_What the task requires_.
When the line with "kitchen with kitchen" turns up below, begin repeating exactly, and carry on through the line with "A lady wearing"; no pictures go into the copy.

_Material to process_.

§

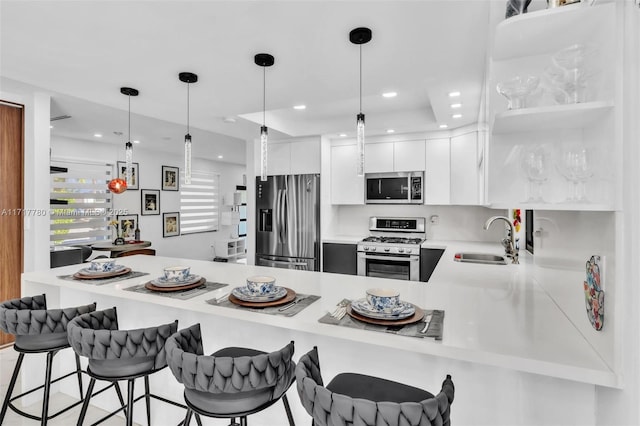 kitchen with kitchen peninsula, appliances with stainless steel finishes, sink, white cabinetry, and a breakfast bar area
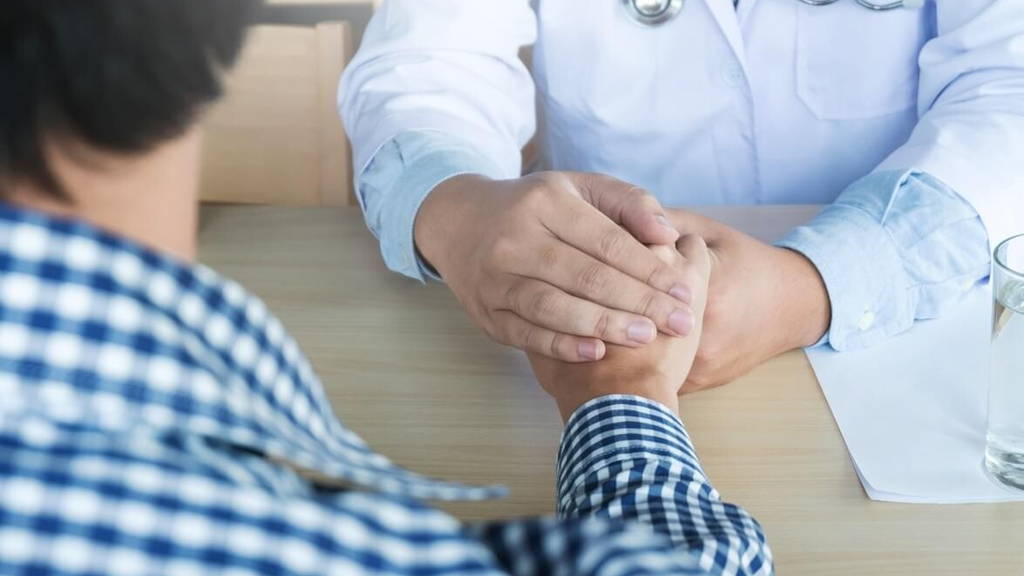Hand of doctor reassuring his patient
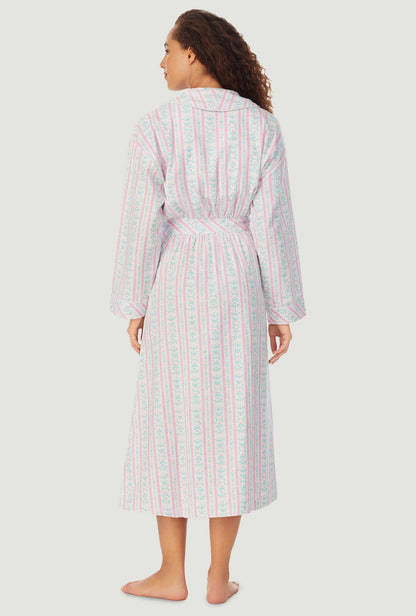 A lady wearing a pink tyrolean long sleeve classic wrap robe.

§

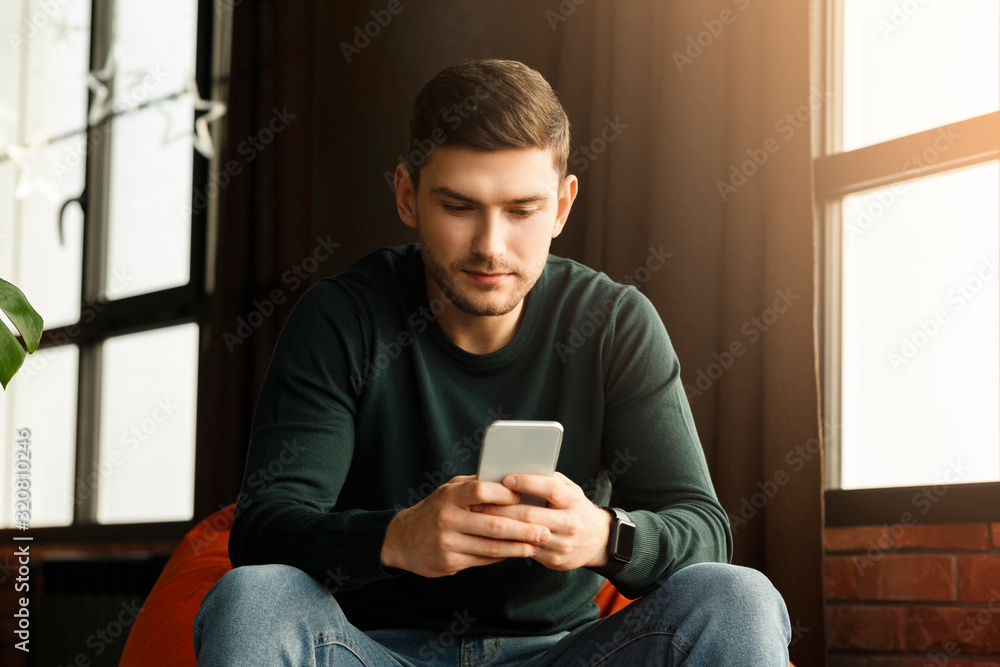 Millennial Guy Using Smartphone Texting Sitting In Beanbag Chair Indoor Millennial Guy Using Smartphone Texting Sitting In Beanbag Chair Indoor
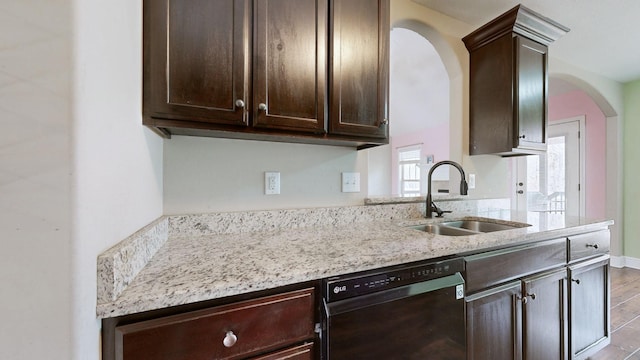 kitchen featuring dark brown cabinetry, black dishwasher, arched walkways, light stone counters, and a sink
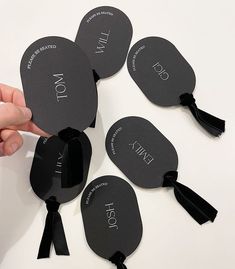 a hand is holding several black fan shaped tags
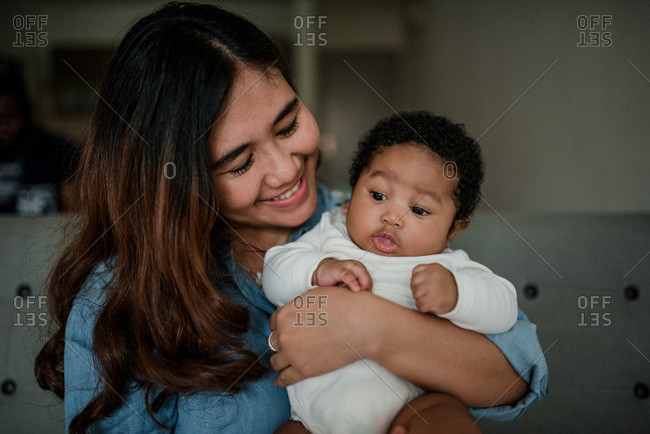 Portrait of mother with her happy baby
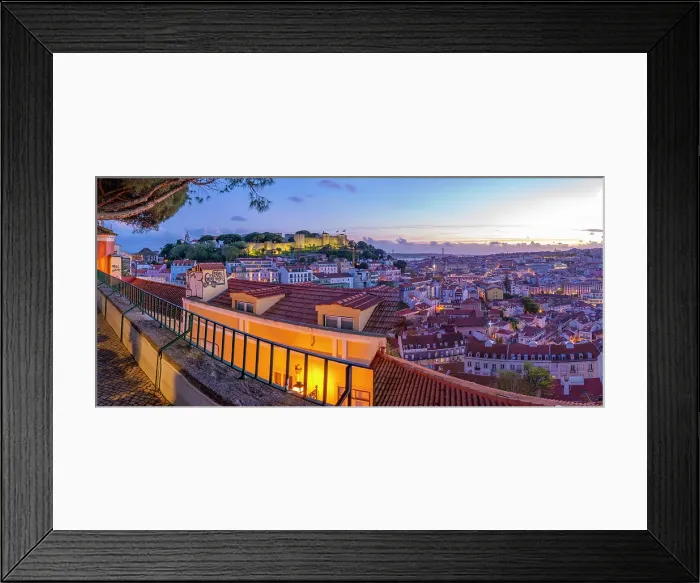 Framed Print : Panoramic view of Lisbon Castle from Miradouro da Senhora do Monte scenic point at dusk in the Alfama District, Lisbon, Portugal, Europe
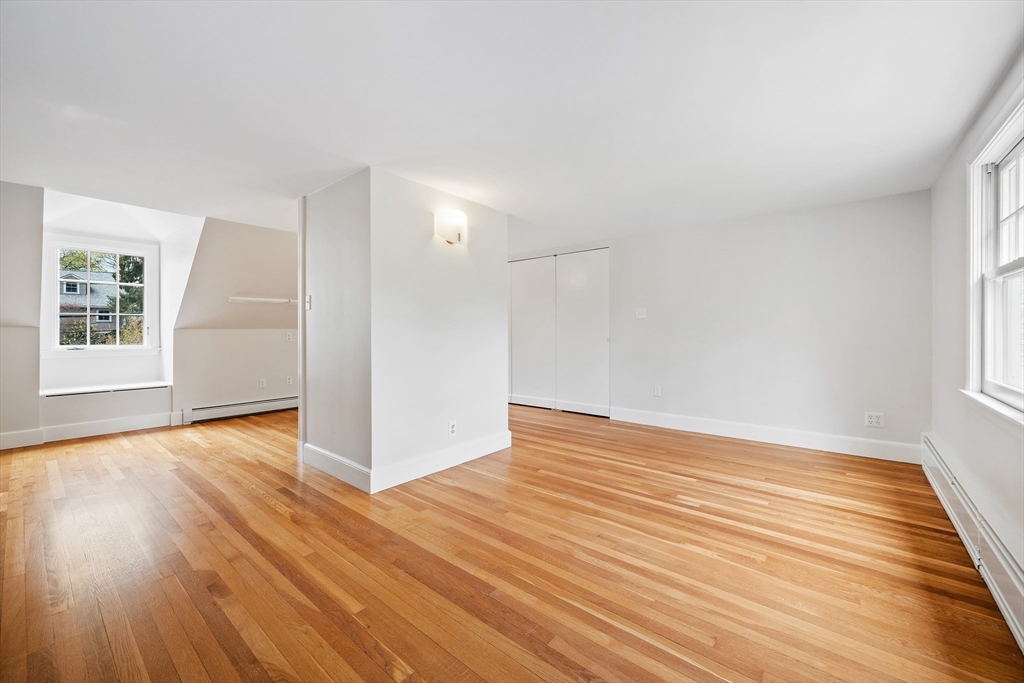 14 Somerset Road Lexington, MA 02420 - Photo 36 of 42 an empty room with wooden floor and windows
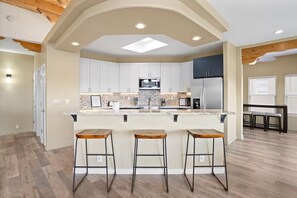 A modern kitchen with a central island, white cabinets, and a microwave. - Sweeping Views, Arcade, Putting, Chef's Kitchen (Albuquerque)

§

_Task solution_.
 kitchen with kitchen peninsula, appliances with stainless steel finishes, sink, white cabinetry, and a breakfast bar area
Hand of doctor reassuring his patient
 A lady wearing a pink tyrolean long sleeve classic wrap robe.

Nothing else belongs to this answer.